Italian economist (born 1945)

Fiorella Kostoris Padoa-Schioppa (born 5 May 1945) is an Italian economist who is professor at the University of Rome (La Sapienza). She is also a professor at the College of Europe in Bruges. She has published approximately a hundred articles and twenty books in various languages on topics concerning macroeconomics, labor, public finance, unemployment, pension reform and other topics. She was president of ISAE, the Italian independent but government-funded economic think tank until March 2003. She is working on a book on European economic policies and institutions.

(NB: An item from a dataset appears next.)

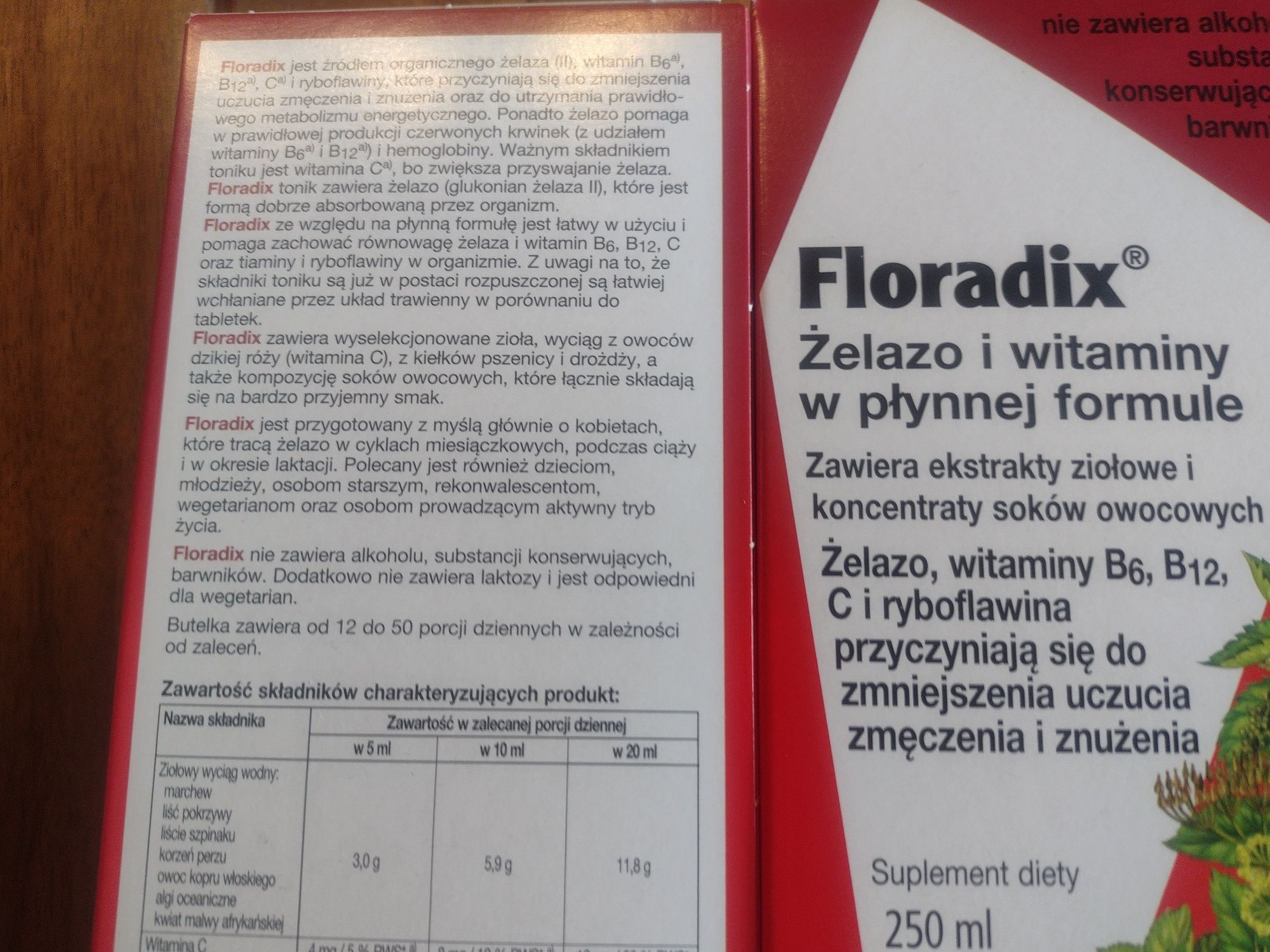 Floradix żelazo i witaminy cena za 2 szt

Fiorella Kostoris was married to the late Italian economist and politician Tommaso Padoa-Schioppa.

==Personal background==
She was born in 1945 in Rome but raised in Trieste in a Jewish family that placed a high value on education and on knowledge of foreign languages. In an interview she described how she was one of only 5 pupils in her class each of whom competed every day to be ranked first by the teacher. She has described herself as very left wing in her youth, even attending Italian Communist Party meetings (although the communists made fun of her for arriving in an Alfa Romeo Giulia sports car). After graduating from Milan's Bocconi University in Economics she went to the United States where she earned a graduate degree at the Massachusetts Institute of Technology in 1968. Of her experience in the US she said "I came back more of a [classical] liberal, more convinced that overall welfare is maximized by people seeking their own individual well being". At MIT she met Franco Modigliani and later became an editor of his collected papers.

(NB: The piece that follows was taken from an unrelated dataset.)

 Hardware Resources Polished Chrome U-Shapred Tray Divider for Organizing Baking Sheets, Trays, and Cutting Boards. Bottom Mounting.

Her best known book is Italy: The Sheltered Economy (1993) in which she made the case that Italy has a huge and interventionist governmental economic policy compared to other countries and that much of this state action and regulation is irrational and counter-efficient.

==Her controversial policy recommendation==
On 19 March 2004 Kostoris published an article in the newspaper Il Sole 24 Ore entitled Abolire una settimana di ferie per rilanciare l'economia. Kostoris adduced statistics showing that the average Italian worker works fewer hours throughout his career than his European and North American counterparts. Furthermore, the number of hours worked per year is gradually decreasing. If this trend could be reversed Italian economic growth would pick up. The causes of the low hours of work per person are many; they include early retirement, delays in finding a job, strikes for non-contract related reasons, as well as more holidays than other countries. To illustrate the tradeoff between work and leisure Kostoris calculated that if every Italian gave up one week of time off the GNP would increase by 0.3% to 0.4%. The idea was initially endorsed by Italian prime minister Silvio Berlusconi; in a speech in Cernobbio on 29 March he said "There are too many holidays. A few days of extra work will produce a beneficial effect on GNP". But the public reaction was quite negative and the idea was quietly dropped.

While Kostoris was pilloried as a slave driver who wants to force people to work, the substantive issues raised in her article were not seriously addressed.